When did gas first arrive in Paris?
CM: Gas was used for the first time in Paris when Philippe Lebon demonstrated his ‘thermolampe’ at the Hotel Seignelay in 1801, following a patent that he had filed in 1799. According to contemporary accounts, this demonstration was a great success, with Parisians rushing to see the rooms and the garden lit by gas. Unfortunately for Lebon, no one was ready to invest in his invention and he died bankrupt in 1804. Gas was brought back to Paris a few years later by a German, Winsor, who knew the work of Lebon and understood the interest it presented. In 1817 he created a gas plant near the Luxembourg gardens to light the Chambre des Pairs and the galleries of the Odeon. This was the real beginning of the adventure of the gas industry.
What changes did gas bring to people's lives? Did it also bring any problems?
CM: The impact on people's lives was considerable! Firstly, gas lighting brought them security. Gas lamps replaced inefficient oil lamps, enabling people to start going out in the evenings, to cafes and restaurants, which were also quickly lit by gas themselves. They also went to the theatre - where the footlights were gaslit - in the evening. As a result, meal times changed, and life was no longer dictated by the sun.
It also became possible, thanks to gas lighting, for artisans to work after dark, although such activity was banned for much of the nineteenth century. When they did work after dark, they took care to blacken out their windows to avoid being noticed, hence the term "travailler au noir"!
Cooking gas, which developed from 1855, offered a real advantage over wood and charcoal, both in terms of handling, and the odours and fumes that came from coal. When running water arrived in homes, after gas in about 1860, hygiene levels improved, even if such facilities were reserved for a wealthy minority. With stoves and gas heaters, people were warmer – at least a little bit!
We can't talk about gas without mentioning the pipes that distributed it. The major concern for cities was initially to manage the many projects launched by the gas companies, who were more concerned with serving the greatest number of customers – and demand was very strong – than in coordinating their work.
With the development of the gas industry, security concerns were also raised. The government quickly imposed safety regulations and although there were some accidents during the nineteenth century, none managed to put consumers off using gas.

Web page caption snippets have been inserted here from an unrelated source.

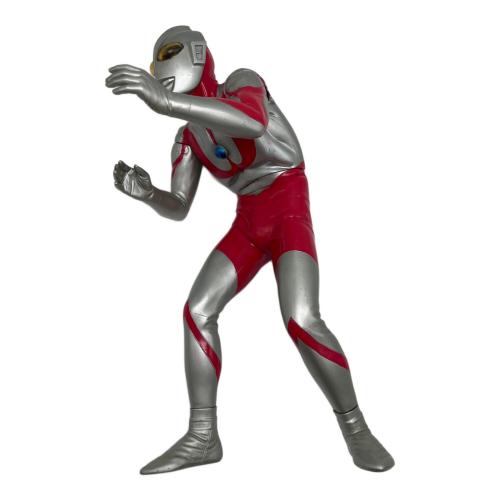 ウルトラマン ビックサイズソフビ ソフビフィギュア  高さ：43cm 1999年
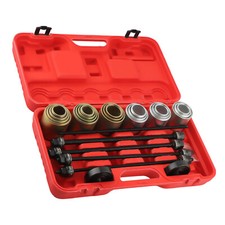 Manicotti a pressione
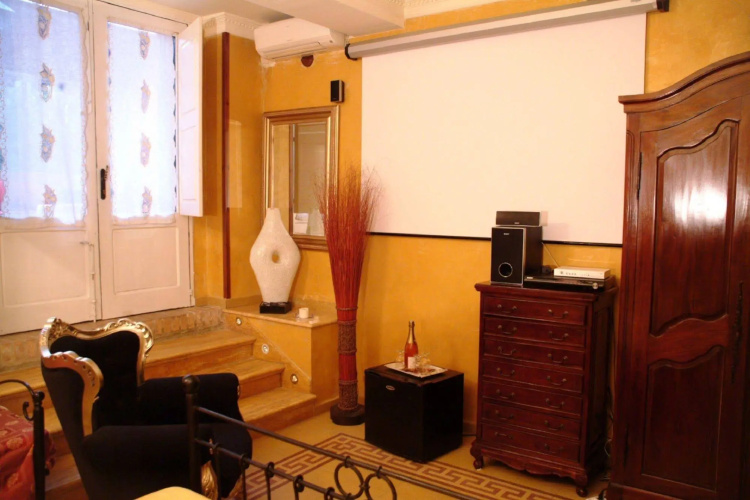 Hotel Villa Antica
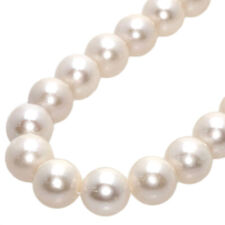 Pearl Pearl Necklace Silver  68.3g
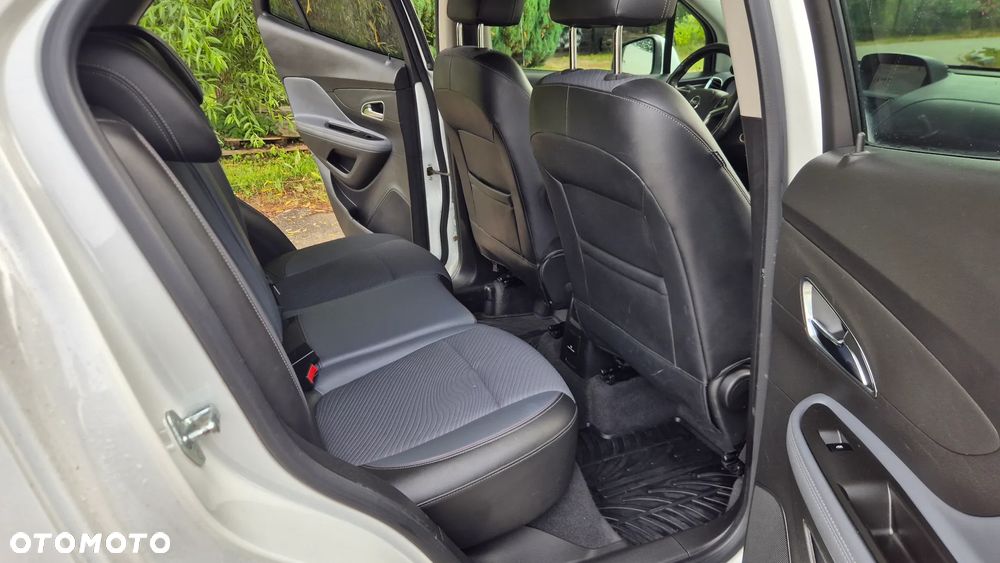 Opel Mokka 1.4 Turbo ecoFLEX Start/Stop Color Innovation - 6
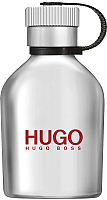 Парфюмерия HUGO BOSS туалетная вода iced 125мл купить по лучшей цене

How did gas change the face of Paris?
CM: It's thanks to gas that Paris became the ‘city of light’ in the 1900s!
How is the exhibition organised?
CM: The exhibition, in the beautiful surroundings of the Hotel de Sens, mixes objects, illustrations - including posters - and recreated rooms from this period. Our experience has taught us that using such settings, even very simple ones, multiplies the interest of the objects for our visitors.
The exhibition follows the principal developments of the gas industry. It begins with the invention of the industry, featuring gas plants, pipes, meters, then shows how gas lighting entered into the public and private world. Cooking Gas is shown through a recreated kitchen from the 1920s, and there's an art nouveau bathroom showing how hot water by gas changed lives.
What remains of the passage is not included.